C&B Notes

Good for Users, Bad for Business

Venture capital investments are subsidizing products and services for consumers.  An analysis of the operations for Lime and Bird, two competing electric scooter rental companies, tells a story of big unit economic losses on these companies’ scooters. Greater fools may bail them out in the short- or intermediate-term, but the long-term economics of these companies are not promising for their investors.

So, our scooter company walks away with $2.32 in revenue per day from the average scooter in Louisville.  As we said at the beginning, Louisville data indicates that the average scooter was around for between 28 and 32 days.  That means the typical scooter generated something like $65 to $75 in revenue for the company after most operating costs over its lifetime. 

You see where I’m going with this.  Let’s be generous and say the company paid $360 for each scooter, as Bird aims to.  At the rates calculated above, that company only recoups $65 to $75 on the cost of each scooter — in other words, it loses $295 to $285 per scooter.  That doesn’t even include the $50 annual fee per dockless vehicle, the $3,000 in combined licensing fees, or the $100 fee for each designated parking area.  Plug in the $551 sticker price for a scooter, and the losses are even greater. 

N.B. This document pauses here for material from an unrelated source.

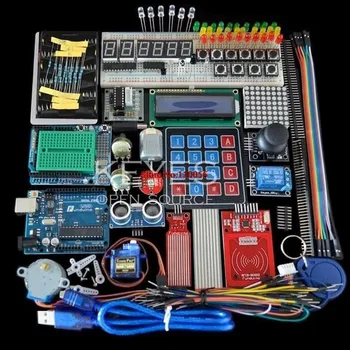 Elektronická stavebnice Starter Kit pro arduino Uno R3 - Uno R3 Breadboard a držák Step Engine / Servo / 1602 LCD / jumper Wire / UNO R3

Bad as these numbers are, they maybe shouldn’t be surprising.  The electric scooters Bird deployed for shared commercial use, at least initially, were rebranded Xiaomi devices intended for use by a single owner with a weight limit of 200 pounds.  The average American man weighs 197.9 pounds and the average woman 170.6 lbs.  These scooters were also designed to be used in mild weather and on flat surfaces.  They were absolutely not designed to be ridden multiple times a day in all kinds of weather and on all kinds of terrain by Americans who, on average, are barely under the scooter weight limit before you adjust for clothes and any baggage (physical, not emotional) they might be carrying.  No doubt facing such inconvenient truths, Bird in October unveiled an electric scooter designed with Okai specifically for sharing.  It will require great leaps in durability and far cheaper prices for scooters to pay for themselves.